Engineering Contradictions & Design Principles
Engineering Contradiction Analysis
1Measurement precision
If conventional signal classification systems are used, then the system structure is relatively simple, but the classification accuracy and robustness deteriorate in environments with multiple wireless signals and dynamic characteristics
Solution Approach 1:
The system segments the signal classification task into multiple specialized components: a convolutional generator network for feature extraction, a discriminator network for validation, and a classifier network for final classification. Each component focuses on a specific aspect of signal analysis, improving overall accuracy while managing complexity through functional division.
Solution Approach 2:
The patent introduces an intermediary latent space that transforms raw signal data into a standardized representation format. This latent space acts as a mediator between the input signals and the classification networks, enabling more accurate and robust classification by preprocessing and normalizing the data before it reaches the classifier.

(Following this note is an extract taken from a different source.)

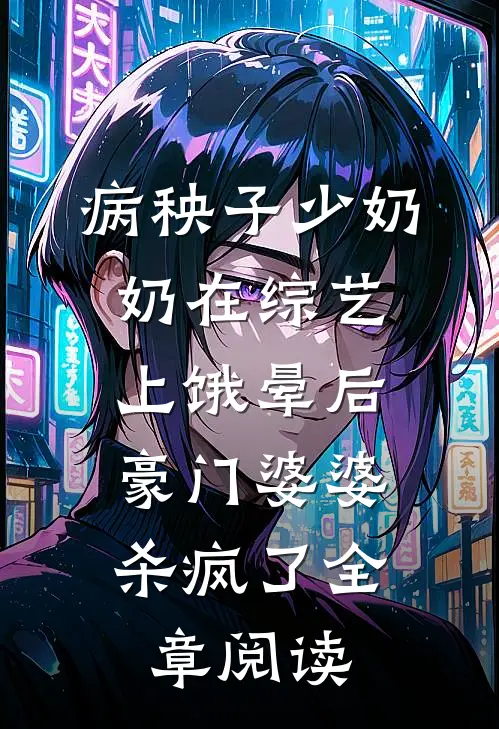 病秧子少奶奶在综艺上饿晕后，豪门婆婆杀疯了全章阅读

2Adaptability or versatility
If traditional feature extraction methods are used, then the processing speed is faster, but the ability to detect and classify novel signals with dynamic characteristics deteriorates
Solution Approach 1:
The system performs preliminary action by pre-training the convolutional generator network on a diverse set of signal types and modulation schemes before actual classification. This pre-training establishes robust feature extraction capabilities that can generalize to novel signals, reducing the need for extensive real-time processing and adaptation.
Solution Approach 2:
The patent implements dynamics by designing the neural networks with adaptive learning capabilities that can adjust to new signal types and modulation schemes. The system continuously learns from incoming data, updating its internal representations to maintain high detection accuracy for evolving and novel signals without requiring complete retraining.
3Extent of automation
If manual signal analysis methods are used, then the system requires less computational resources, but the level of human intervention and expertise required increases
Solution Approach 1:
The system implements self-service through automated feature extraction and classification using the convolutional generator and classifier networks. The model autonomously processes signals, identifies modulation types, and detects novel waveforms without requiring manual feature engineering or expert intervention, thereby increasing automation while managing computational resources efficiently through optimized network architectures.
Data Source
AI summary
Classification of signals using machine learning and related systems, methods and computer-readable media are disclosed. A signal classification system includes a sentence embedding model network, a convolutional generator network, and a classifier network. The sentence embedding model network is trained to convert a body of sentences correlated to different signal modulation schemes into a latent space. The convolutional generator network is configured to project samples of a measured signal into the latent space. The classifier network is configured to classify the measured signal from the latent space responsive to a projection of the samples of the measured signal into the latent space. A method includes training a sentence embedding model network to convert descriptive sentences to a latent space, the descriptive sentences correlated to different signal modulation schemes. The method also includes training a convolutional generator network to project samples of a measured signal into the latent space.